Task details
Starting at the line that contains "Ступица Toyota Vitz", return every line through the end of the data exactly, without pictures.

-------- Data to use

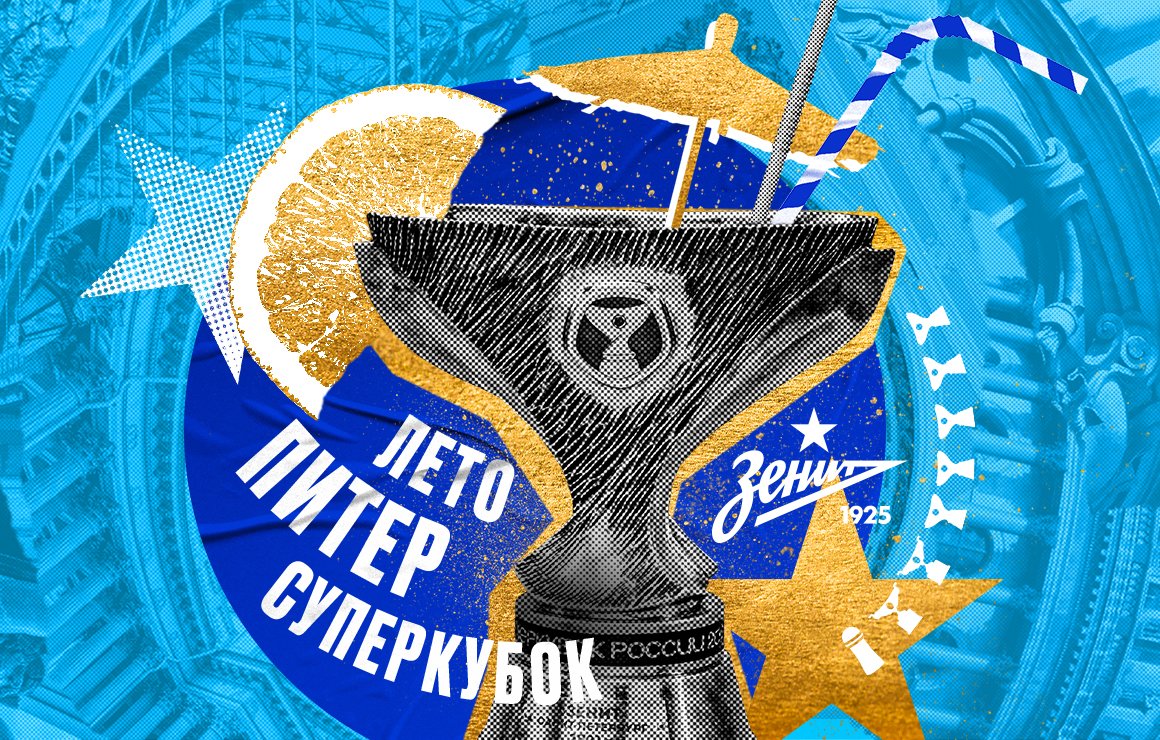 zenit_spb's tweet photo. СЕДЬМОЙ СУПЕРКУБОК РОССИИ! 🏆💙 #ЗенитСпартак https://t.co/OWzDAI7v5o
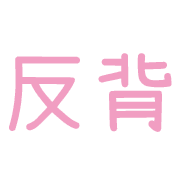 014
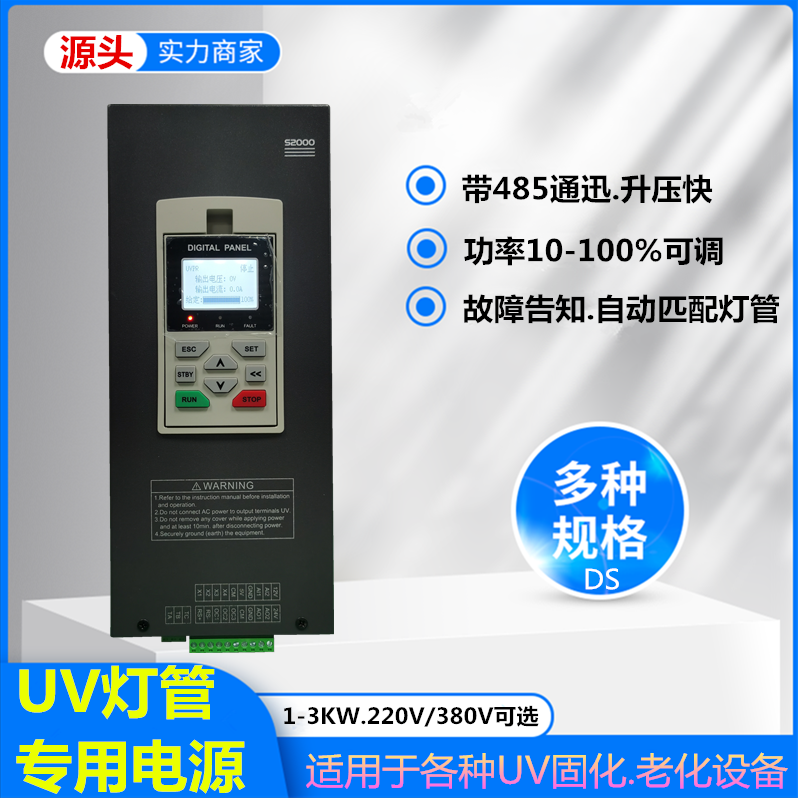 UV电源S2000系列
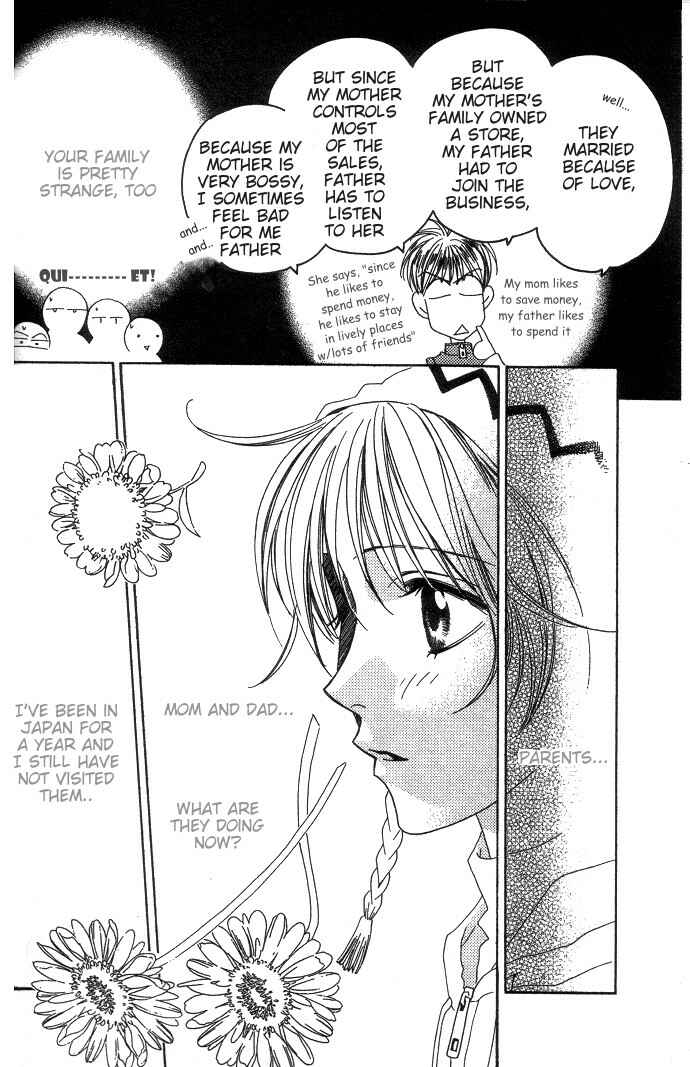 Page 23 Chapter 63 Hanazakari no Kimitachi e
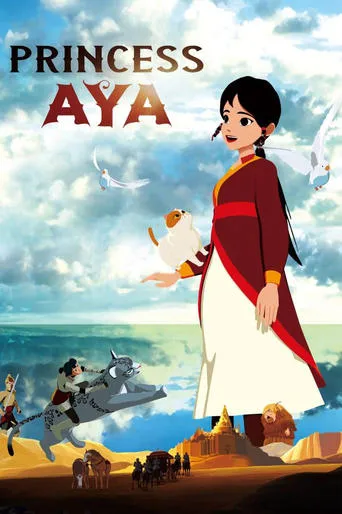 Princess Aya movie poster - Rated 5/10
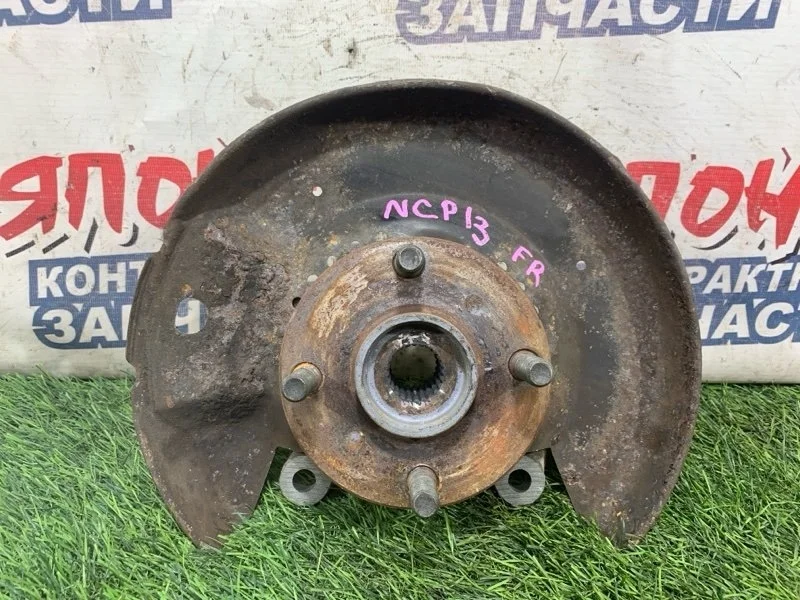 Ступица Toyota Vitz 4321152020 NCP13 1NZ-FE, передняя правая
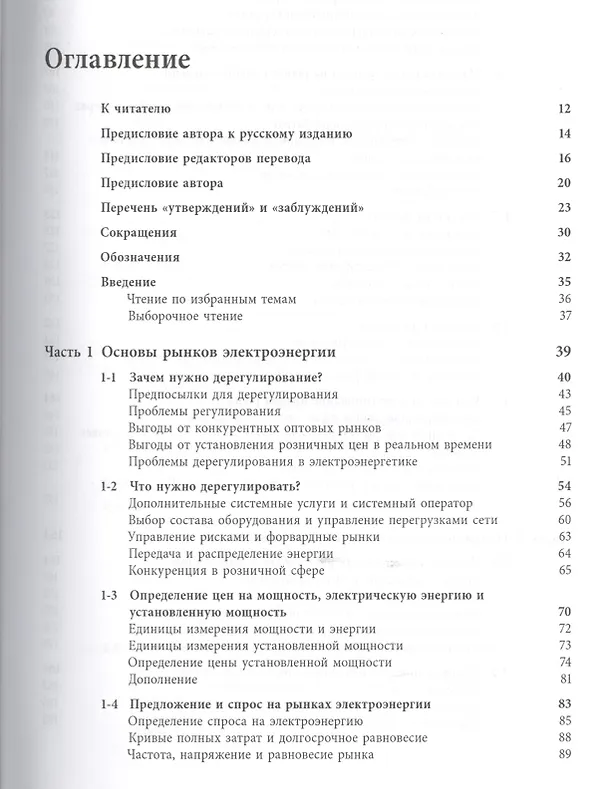 Книга Экономика энергосистем Введение в проектирование рынков... (Стофт) () — 2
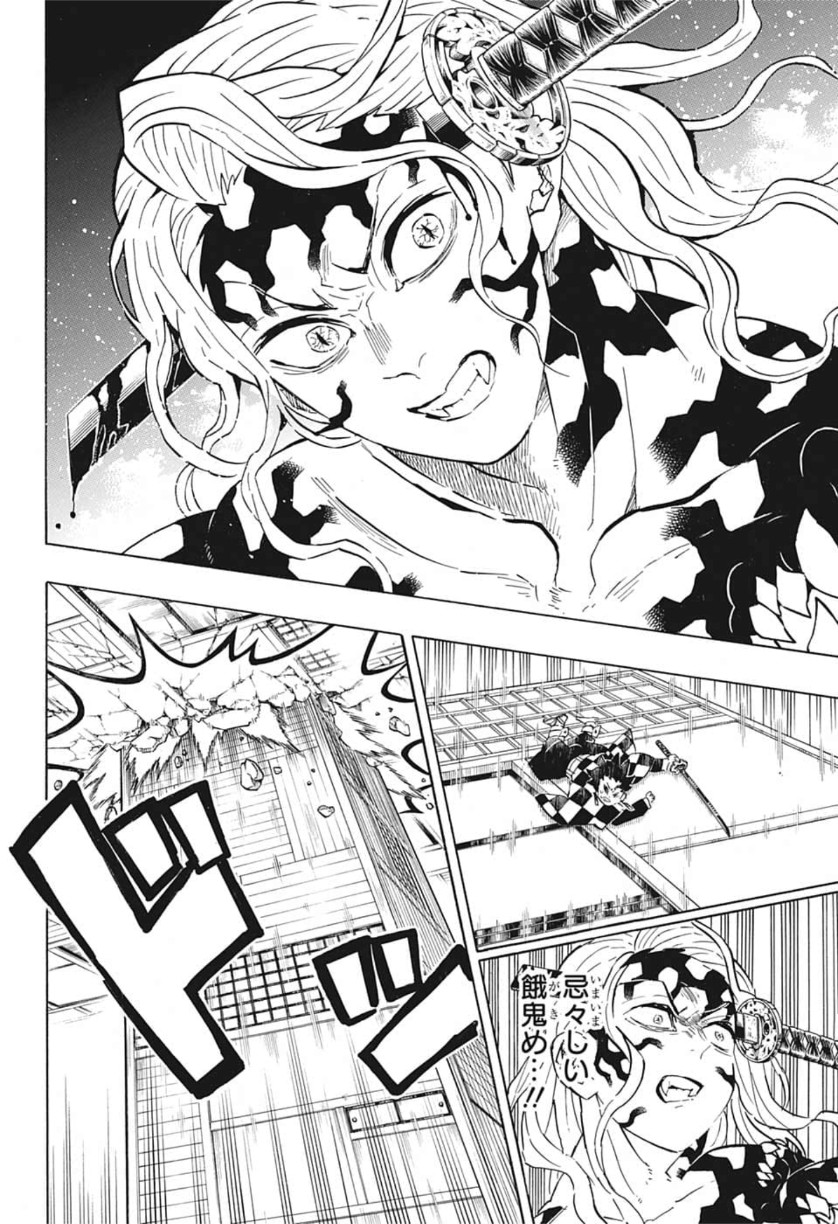 鬼滅の刃 - raw - 第183話 - https://jpee.aabb.to/JPEE/60970/4gl1w0tcax1.jpg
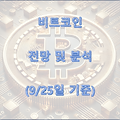 오늘의 비트코인 전망과 분석 (9/25일 기준)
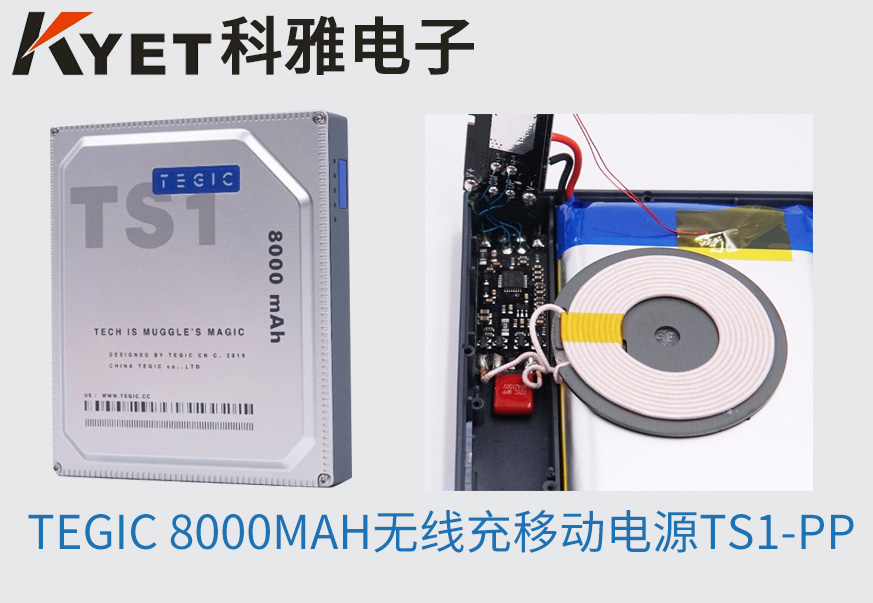 1599459812192395.jpg wxc-02.jpg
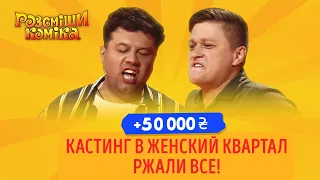 Импровизация на Рассмеши Комика 2019 ПОРВАЛА ЗАЛ ДО СЛЕЗ | 11 Минут Смеха +50000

----------------

Expected output
 Ступица Toyota Vitz 4321152020 NCP13 1NZ-FE, передняя правая
 Книга Экономика энергосистем Введение в проектирование рынков... (Стофт) () — 2
 鬼滅の刃 - raw - 第183話 - https://jpee.aabb.to/JPEE/60970/4gl1w0tcax1.jpg
 오늘의 비트코인 전망과 분석 (9/25일 기준)
 1599459812192395.jpg wxc-02.jpg
 Импровизация на Рассмеши Комика 2019 ПОРВАЛА ЗАЛ ДО СЛЕЗ | 11 Минут Смеха +50000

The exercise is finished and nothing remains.